Possible cause of R7800 latency issues

What does low latency kernel mean?
Full preempt + 1000hz?

I also use voluntary preempt but 250hz on my wrt1200.
Indeed 1000hz will give you lower latency but also reduces throughput.
Bufferbloat.net also recommends 1000hz but I choose somewhat of the middle way here.
And I can also confirm that everything feels snappier.
I don't know how voluntary preempt can make that of a difference. Because it should only affect user space programs?

Is true that kernel hz should match your power grind frequency?
For example if your power grid frequency is 50hz you should use 250hz, 500hz or 1000hz?
For 60hz use 300hz, 600hz, 1200hz ?
But I guess thats a myth because the power grid voltage gets converted anyway.

Rt kernel is only useful if you have applications that can make use of it.
However I also tried the rt kernel thing x)
I could make the patches apply and openwrt just booted fine. But bugged all over the place. For example viewing the graphs generated insane amount of CPU usage then the system crashed :confused:

Yes, that is what I meant. It is called “Low Latency Desktop” in kernel_menuconfig I think. I was surprised that it did not boot.

I do not know, but 100ms spikes are gone. There was no independed confirmation though. Do not dnsmasq, hostapd, etc. run as user space apps?

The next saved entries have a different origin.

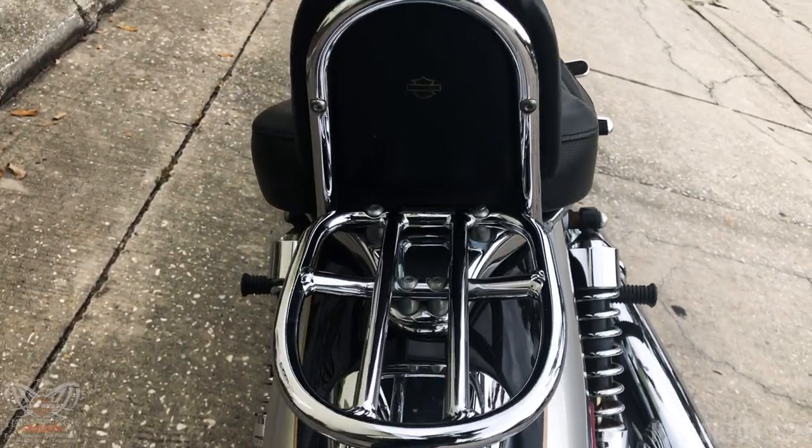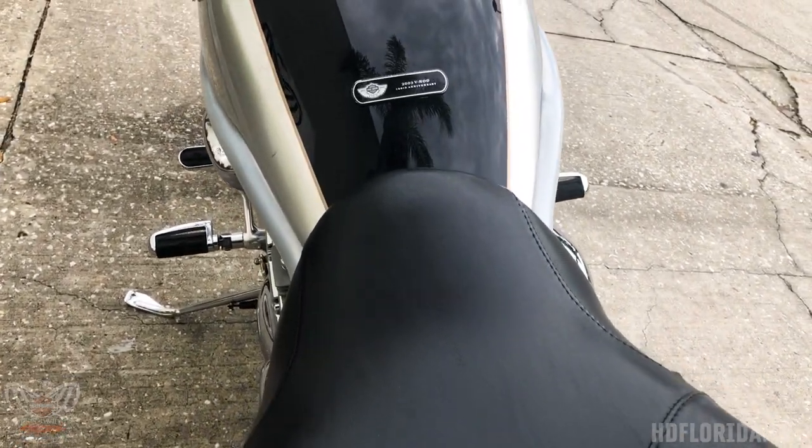This V-Rod is equipped with dual front disc brakes for stronger braking performance with less lever effort than the single front disc brakes.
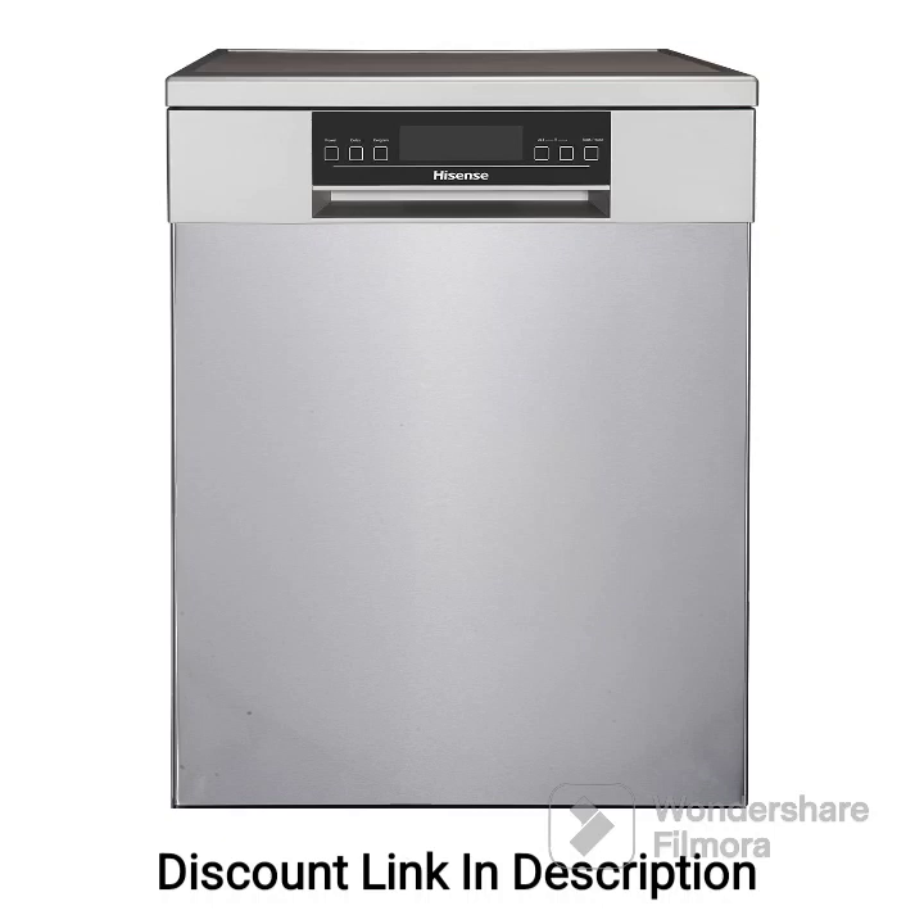The Hisense H15 DSS dishwasher is a high-capacity and feature-rich appliance designed to provide efficient and convenient dishwashing. With its impressive 15-place settings capacity, sleek silver exterior, stainless steel construction, inbuilt heater, and quick wash feature, this dishwasher offers excellent performance. Here, I will outline its key features and provide a brief review.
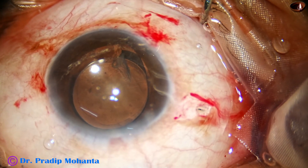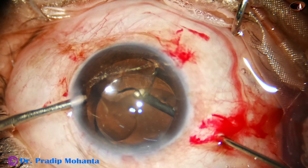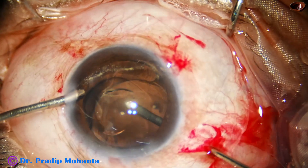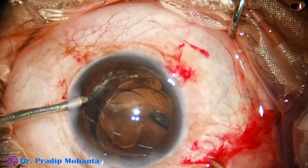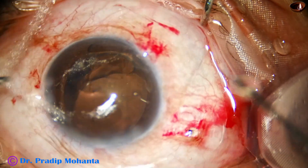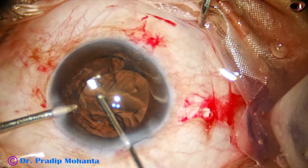I take the 23G vitrectomy cutter. First, check that it is cutting and aspirating nicely. Then I go into the anterior vitreous and do the vitrectomy. Anterior vitrectomy through pars plana is the ideal approach, and all of us anterior segment surgeons should learn this. If we find it difficult to place the trocar in a soft eye, we can just make a small sclerotomy, go into the anterior vitreous with a sharp knife, and do the pars plana anterior vitrectomy nicely.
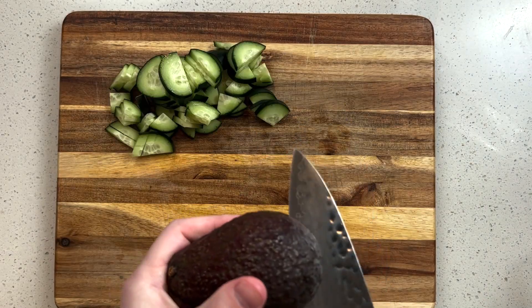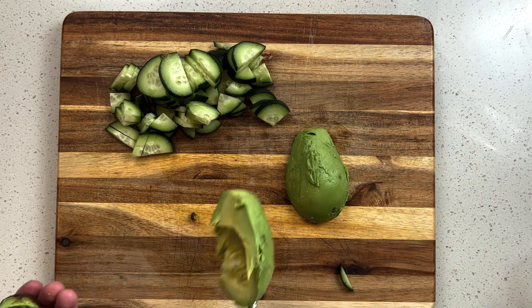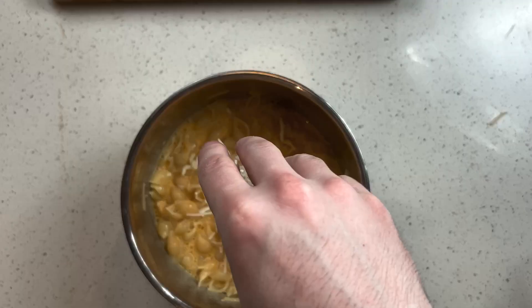Then I'll make some macaroni and cheese as a side. I'll cut up my vegetables — avocados, cucumbers, and sometimes peppers.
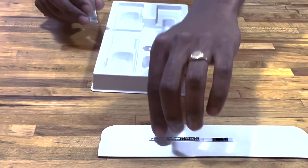When you are done, throw all the used kit pieces in the trash.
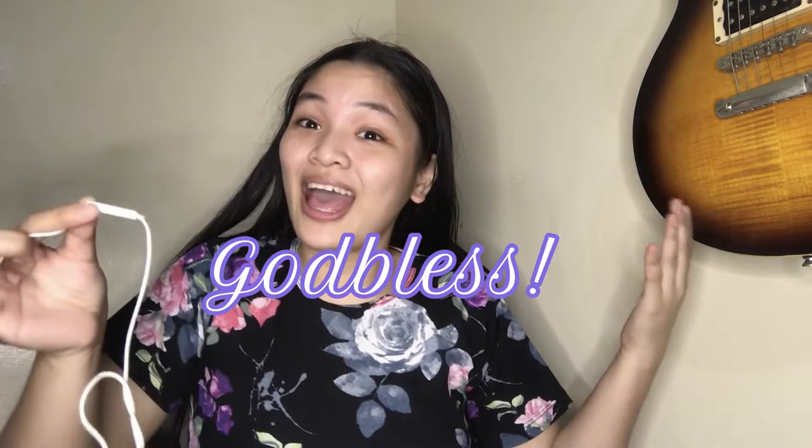That's it guys, we'll end here because it's already 1 a.m. and I still have classes tomorrow. So let's end this video — goodbye, thank you, goodbye guys, God bless!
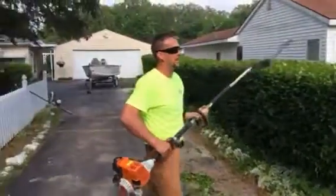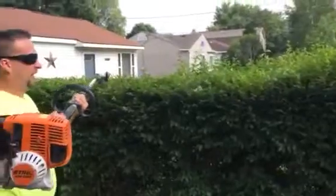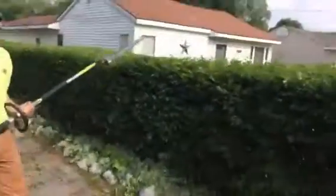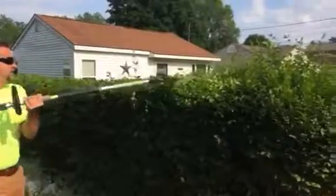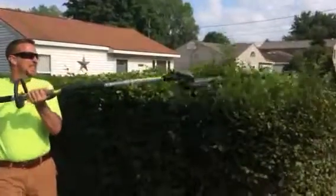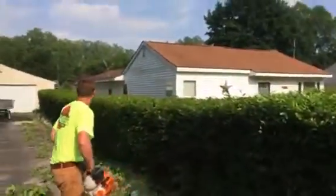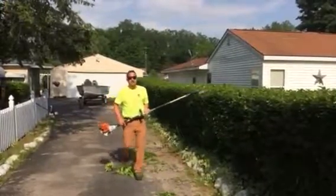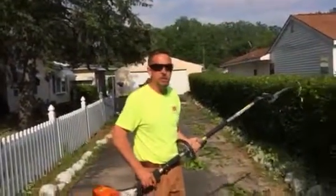I'm just going to take a look at that. Not bad. Now we're going to go through it, get to all the high spots, round edges a little bit. It looks pretty good, getting heavy though.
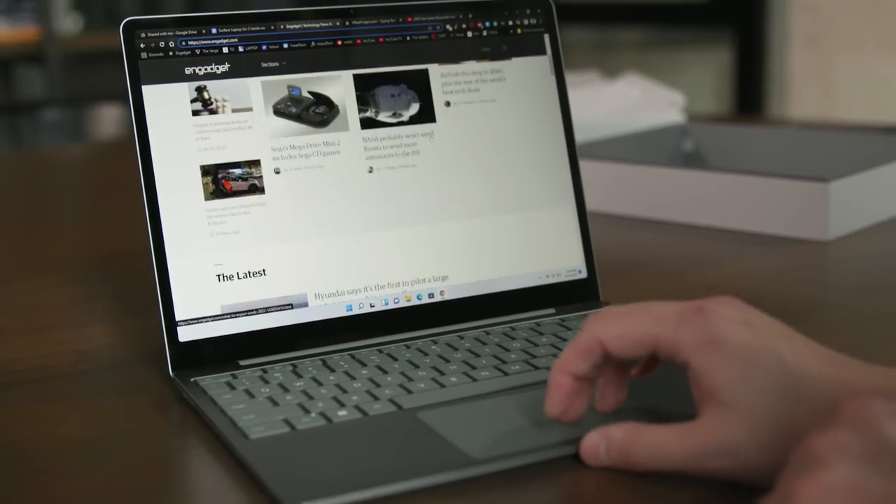Another small bonus is that the Laptop Go 2 is more repairable than before. Microsoft says the SSD, SurfLink cable, keyboard and trackpad, and even the entire display are replaceable.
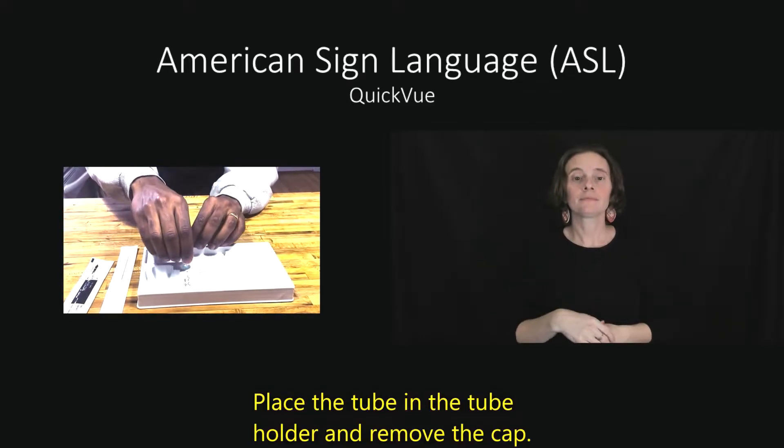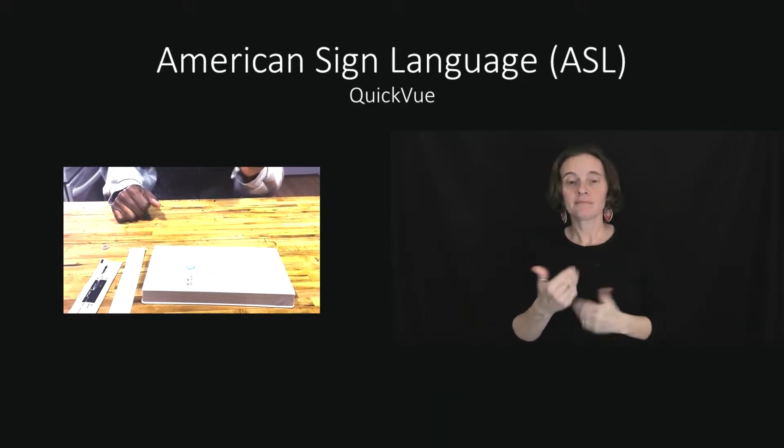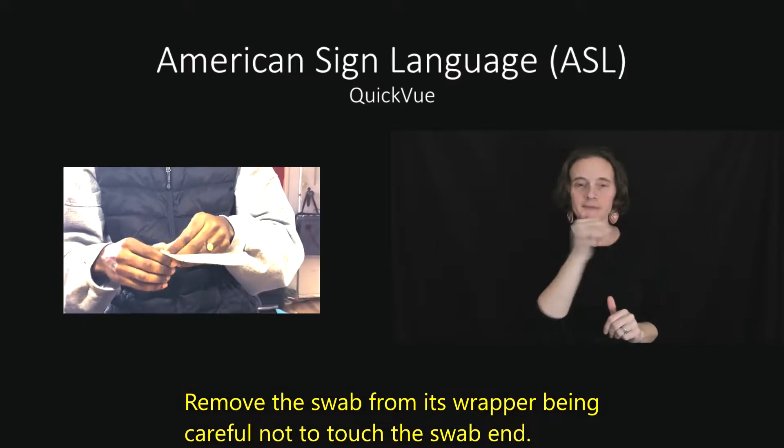Place the tube in the tube holder and remove the cap. Remove the swab from its wrapper, being careful not to touch the swab end.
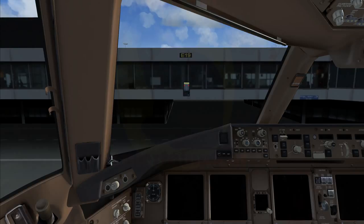Cockpit to ground. Go ahead! Please correct the GPU. Captain, it's already connected. Okay, thank you.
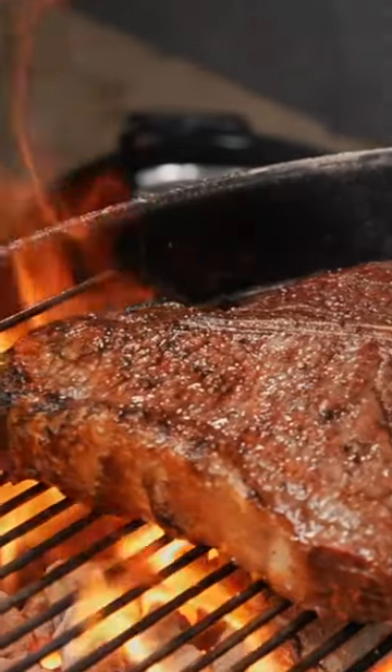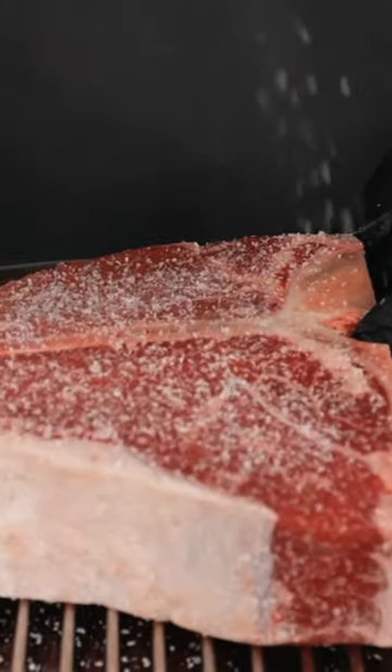Let's make the perfect T-bone steak. To start with, season with kosher salt on both sides and place it in the fridge to dry brine for two hours, or preferably overnight.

Related to the WIFI-latency, some searching gave the following results:

A reason for the latency spikes to occur: http://blog.cerowrt.org/post/disabling_channel_scans/

A solution is described here:

https://answers.microsoft.com/en-us/windows/forum/windows_10-networking/is-there-any-way-to-stop-windows-10-from-scanning/3870b3d1-0f07-4875-8779-bb5c11fce0a8

Also, at the end of this help-thread there is a program mentioned that can be found on this page:

It is old but reported to work in Windows 10.

Please note: this is the result of my searches on the subject of latency, I have not tested this yet. Will try to do this during the weekend.

Yes they do.
But as i understand that entire preempt thing...
What it does is, it allows user space programs to interrupt the kernel.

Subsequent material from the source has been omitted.